Allison Glorieux. S’il fallait chercher des symboles,
le nom de l’une des représentantes syndicales CGT de Vertbaudet a ce petit
quelque chose de prédestiné. Comme un clin d’œil illustrant le courage
impressionnant de ces dizaines d’ouvrières qui, depuis le 20 mars, mènent
une grève exemplaire dans l’entrepôt de Marquette-lez-Lille (Nord) afin
d’obtenir 150 euros net d’augmentation par mois. Jusqu’ici, la plupart
d’entre elles n’avaient jamais osé cesser le travail. Mais étranglées par l’inflation,
méprisées par une direction qui les gifle d’un « + 0 % », elles ont « ouvert les yeux », comme elles disent. Les
voilà devenues l’emblème de la lutte contre les bas salaires. Et, au-delà, de
ces millions de femmes précaires refusant un destin tout tracé de smicardes à
vie.
Le combat des Vertbaudet, c’est la révolte de toutes
les invisibles. Il faut lire leur récit. À l’usine dès 4 h 45, toujours
debout pour tester, emballer, déplacer
poussettes et autres gigoteuses commandées en ligne. Le corps vite usé. Et, malgré tous les efforts, des fins de
mois dans le rouge. Pendant le confinement, ces travailleuses de « deuxième ligne » étaient portées aux nues par Emmanuel Macron, qui les a vite oubliées, et ne pipe mot depuis. Leur lutte relève aujourd’hui de la justice sociale la plus élémentaire. Mais aussi de la simple
dignité humaine.
À l’image des femmes de chambre de l’hôtel Ibis, les
révoltées de Vertbaudet sont un caillou dans les rouages de l’exploitation.

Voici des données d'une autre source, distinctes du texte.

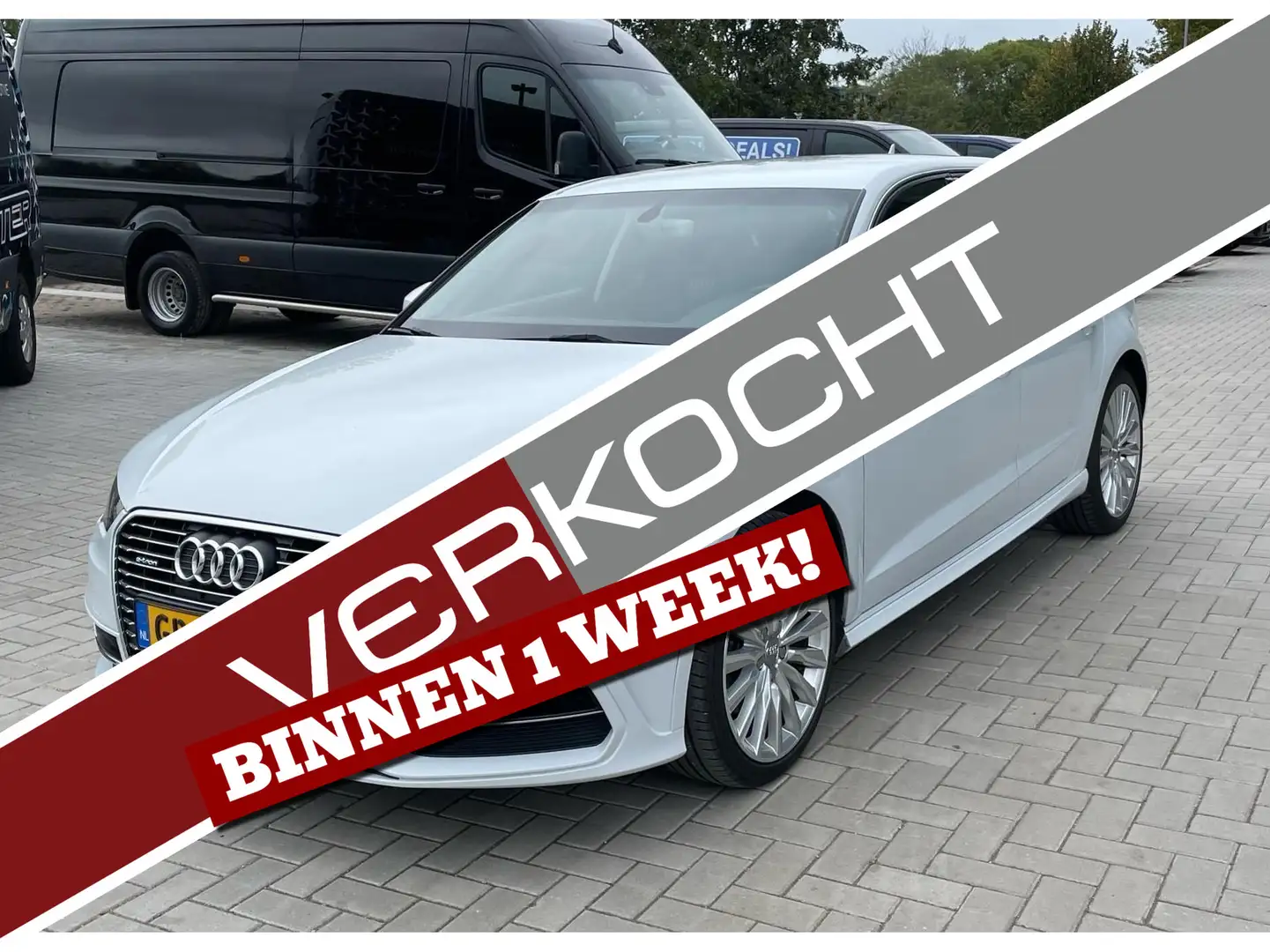 Audi A3 Sportback 1.4 e-tron PHEV Ambition Pro Line plus Wit - 1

Depuis la reprise en 2021 de l’enseigne de puériculture par le fonds Equistone
Partners Europe, dirigé par Édouard Fillon – le fils de l’ancien premier
ministre –, l’ambiance s’est durcie, la pression accentuée. Les nouveaux
actionnaires, logique financière en bandoulière, pensaient marcher sur ces
travailleuses, imposer, fût-ce à la force des matraques, leurs primes en guise
de récompense. Tout faux. Confrontée à la solidarité des grévistes et leur
exigence résolue de vivre décemment de leur travail, la direction, longtemps
inflexible, se voit désormais contrainte d’ouvrir des négociations salariales.
Un début de reconnaissance pour les Vertbaudet. Qui pourrait bien « ouvrir les yeux » à beaucoup d’autres.